Pawser put down his paper to savour this temporary distraction from his rapidly encroaching somnolence.

'I remember once,' continued Killerman, 'an article catching her eye about a chap in South Africa who had died after being attacked by a shark on a beach off Cape Town. It had caught Nonnies attention because Uncle Mooho had been out there at the time .The Africans had taken this chap to Winnie Mandela hospital. Seriously injured, lying on his death bed, he gasped out for them to bring him a phone. With shaking hands he'd managed to dial a number. Unfortunately when they whipped his mask off to talk to his loved ones, they'd had him on a mixture of oxygen and helium which made him sound like Mickey Mouse on speed. All he had time to utter was, 'Tell Aggers I ran over the tortoise and I'm sorry,' before he was cut off. He then rolled over and died.'

'Too bad eh?' sympathised Pawser wondering where Killerman was going with this homely Tale from the Riverbank.

'For sure,' agreed Killerman. 'Nonnie laughed until the tears ran down her beard. Then it occurred to her that Uncle Mooho used to call her Aggers and we hadn't seen the tortoise since the day he left to go to Africa.'

'So they didn't know who he was?'

'We'll no apparently he was half delirious when they pulled him from the water after been attacked by the shark. He was naked apart from a set of water wings. There was nothing on the beach except for a towel and they couldn't retrieve the number he dialled in the hospital.'

'Bad luck eh. Sometimes your toast just doesn't land butter side up I suppose.'

'I suppose,' said Killerman rather forlornly,' I tell you what I think, that it was our butler who took the call. Probably thought it was a prank so he cut off uncle before he could say who it was. Afterwards we wondered if uncle had taken the swimming shorts off because he always got the galloping trots when he travelled overseas.'

'Did they ever find them?'

'Oh yes.

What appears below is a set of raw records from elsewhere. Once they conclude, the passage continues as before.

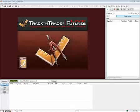Hello, my name is Jeff Keller. I work for Track and Trade and Gecko Software. Today we're going to take a look at Track and Trade Live Futures. We're going to go through some of the different features and different sections of the program.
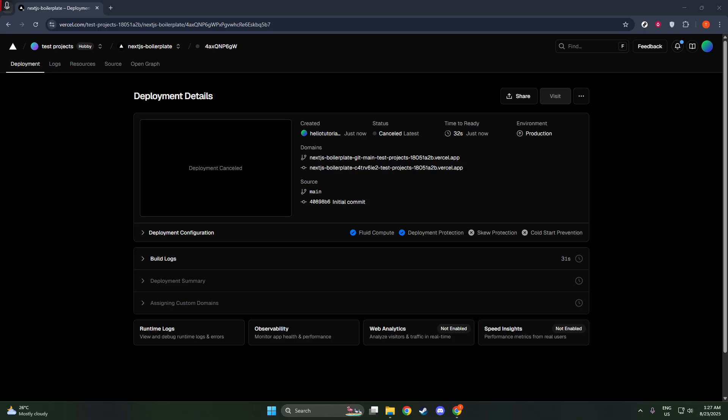From this drop-down, you'll want to select Cancel. This direct action will effectively stop the deployment in progress. While it's fairly straightforward, take a second to confirm that you're stopping the correct deployment, especially in a busy environment where several operations might be running simultaneously. Accidental cancellation could interrupt workflows, so a quick verification step is a wise practice.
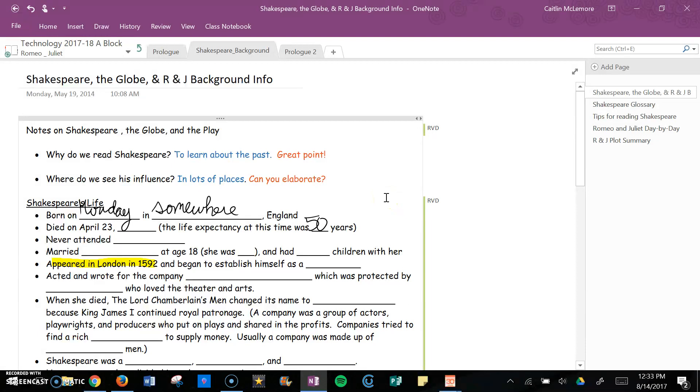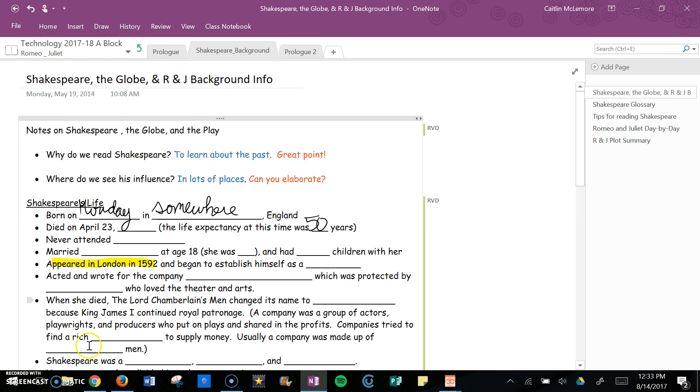If students are doing problems in OneNote, you can correct their problems. You could take a red pen or whatever color you want to use and mark over their work, and then they would be able to see that as well.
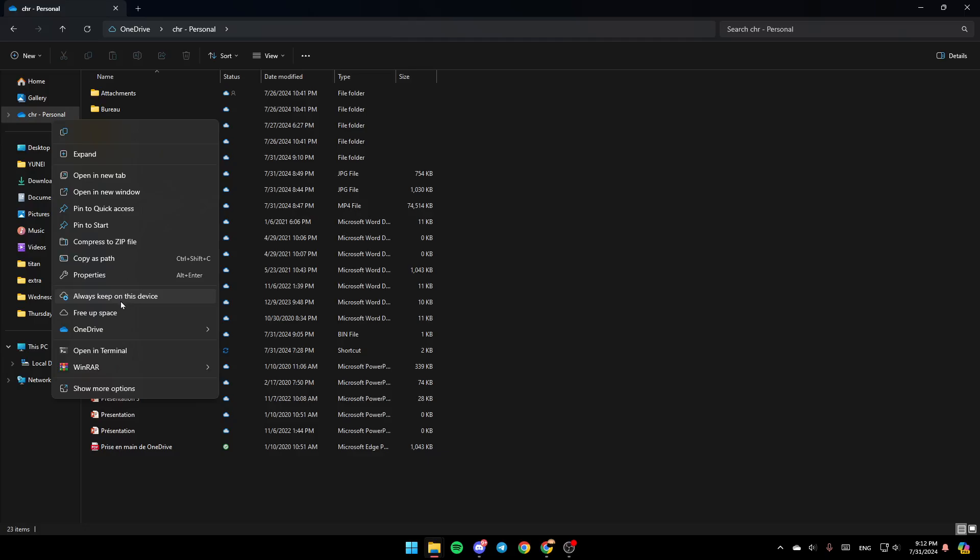Here you're going to find the option to always keep it on this device, free up space, and lastly here you're going to find OneDrive. Go ahead and click on OneDrive. Then here you're going to find the option to view it online. Here you're going to find Settings, and lastly here you're going to find Folder Color.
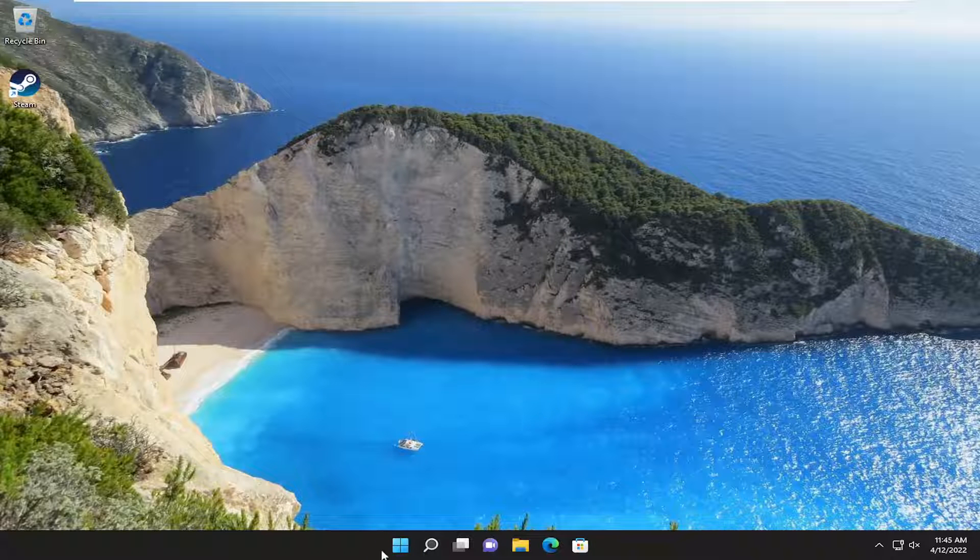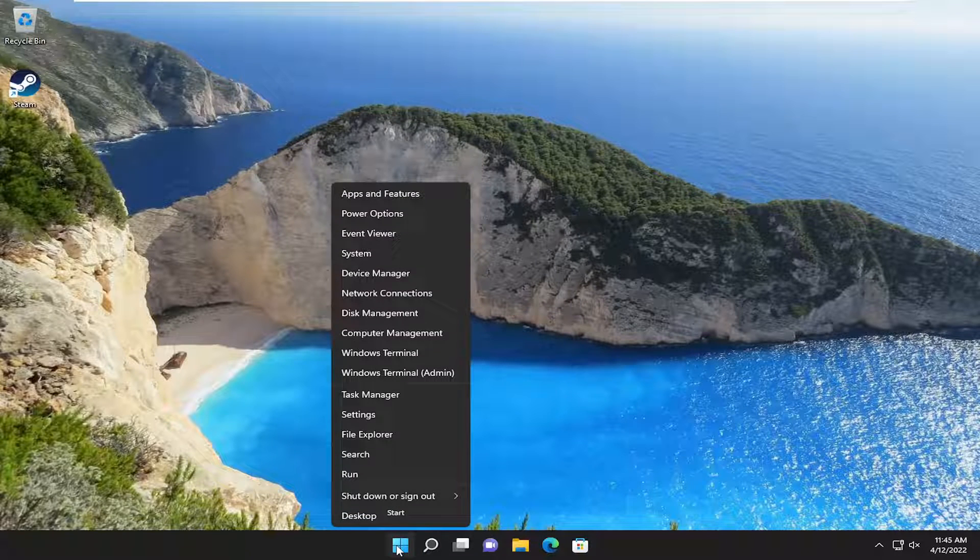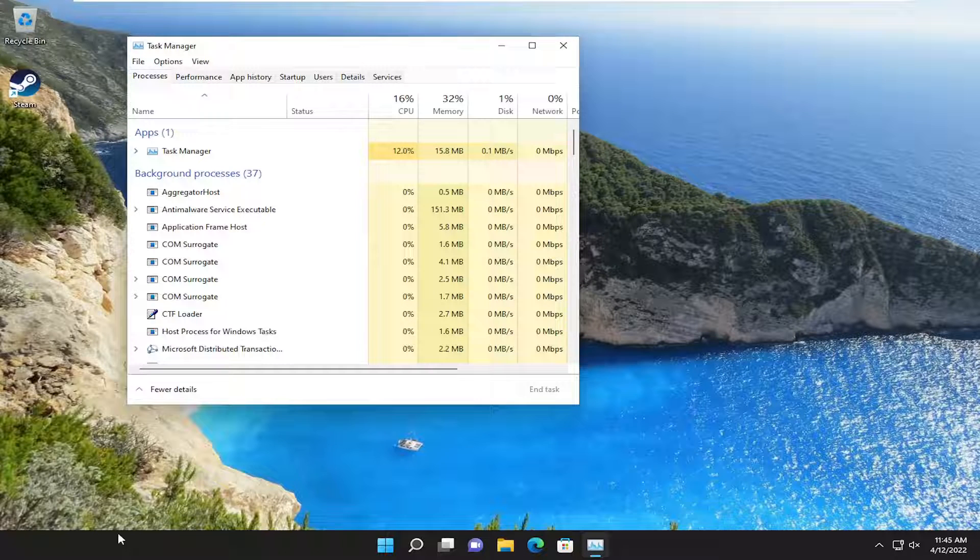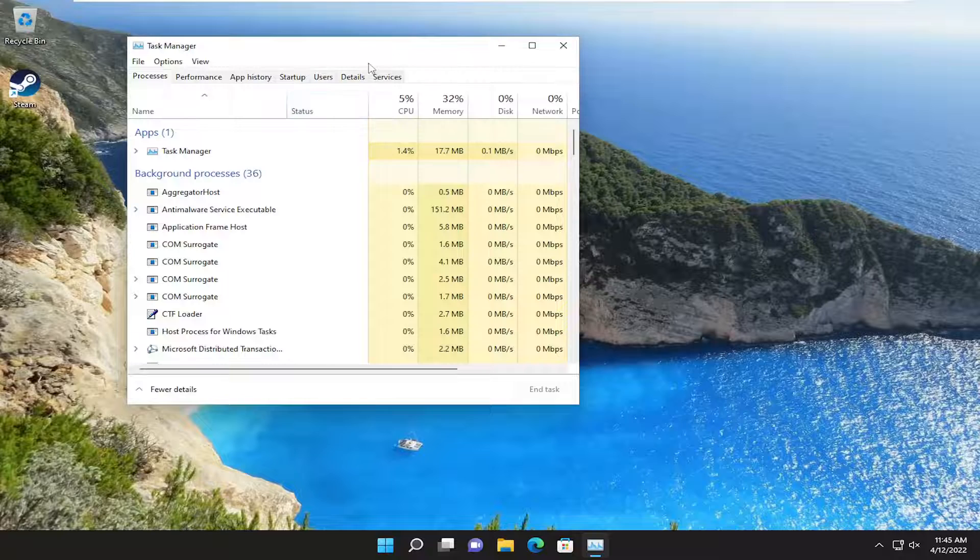So all you have to do is right click on the Start button on Windows 11 and select the Task Manager. On Windows 10, you're going to have to right click on the taskbar and select Task Manager.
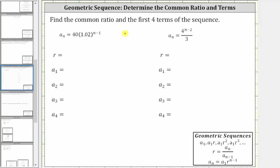We're asked to determine the common ratio and the first four terms of each geometric sequence. Remember, the formula for a geometric sequence fits the form a_n = a_1 × r^(n−1), where r is the common ratio.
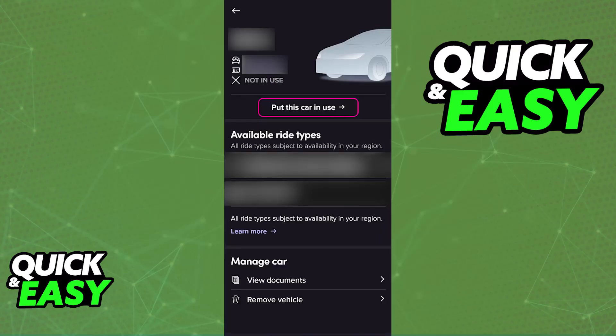If you want to switch between these vehicles, all that you have to do is tap 'See Details' on any vehicle and then tap the option to put this car in use. Immediately the selected car will now be in use and you can go online and start driving.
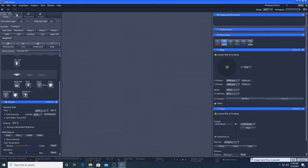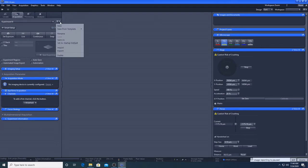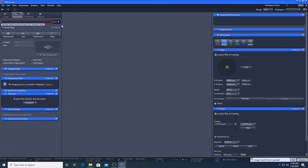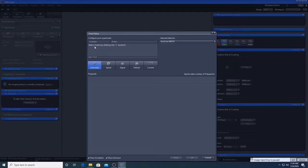Now we will move on to the Acquisition tab where you will likely spend most of your time. We recommend that you create your own experiment where you can save all of your settings. Click here, go to new and give your experiment a unique name. To create your own channels, go to smart setup.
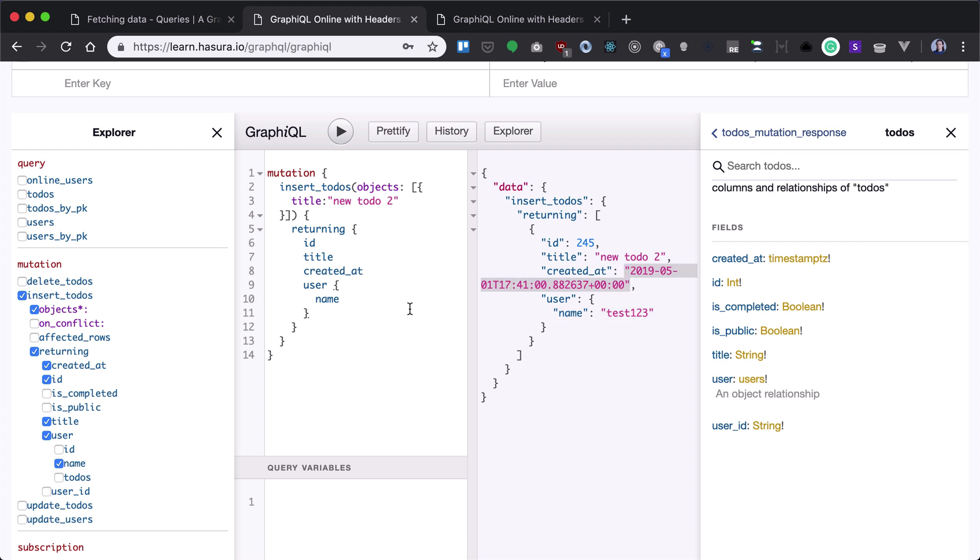Okay, but this is not a real world scenario. We will obviously need some kind of variable here, right? So what we need to do is name our mutation add todo and provide a todo variable.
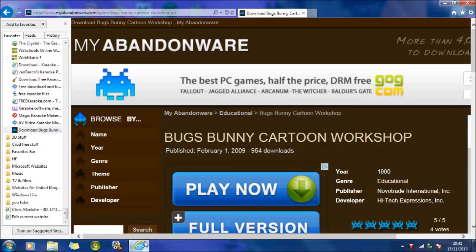Hello. You may be wondering how to create a Bugs Bunny cartoon or a Daffy Duck cartoon. Well, I found a really cute way of doing it, and it's to actually access some software that's really old.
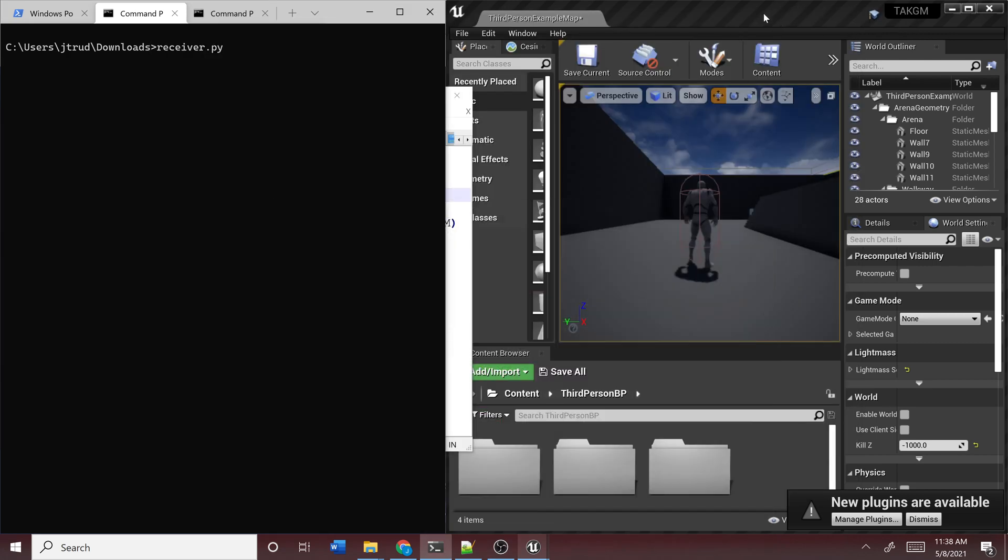Hello. I'm filming this video to demonstrate the UDP functionality I've added to TACGM this week.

They found the shark a few days later washed up on a beach with Uncles shorts stuck over its head. Uncle always liked a snug fitting pair of shorts, he couldn't stand his bell clappers flapping around. I suppose the shark found that out the hard way, they certainly stopped him flapping about. The shark was bought by an American. The last thing we heard it was on show in a museum in the mid west, Dr Banham's Museum of the Bizarre. Still with uncle's shorts on his head. It's quite a draw apparently.' Killerman looked exceedingly satisfied with this outcome, having been very close to his Uncle Mooho.

'I'm sure he would have been pleased. I supposed it was that or running the risk of having them buried with him. Spending eternity trapped in a six foot box with a pair of rancid swimming trunks can't be the best of alternatives,' reflected Pawser. 'I wonder which way I'd prefer to go, human percolator or right up there with my head stuck inside your uncles trolleys.'

'Oh I'd go for the coffee exit every time?' said Killerman emphatically.

'Why?'

'Well with the coffee you would gently drift off to the burbling of the percolator and smell of exotic coffee and believe you were lying by a babbling crystal stream in Cuba with the aroma of freshly harvested coffee beans blowing through the jungle whilst being caressed by a sun kissed local virgin. Or alternatively you could slip away with you head up uncles shorts believing you in a field hospital in the Crimean War lying beneath a stained cotton sheet with a strong smell of dysentery invading your nostrils, knowing that Gunnery Sergeant; 'have you seen the size of my artillery' Pratt had just disappeared off to enjoy the womanly pleasures of your last love, nurse Veronica Allgood.'

'Wise words Killerman. Wise words indeed,' nodded Pawser reflectively. He turned on the car's interior light, rummaged in the central console, pulled out a pen and started his crossword.

About four pm just as the light was beginning to fade and Pawser was completing his crossword the radio squawked. He threw the paper on the back seat, winked at Killerman, 'We're on,' and picked up the receiver.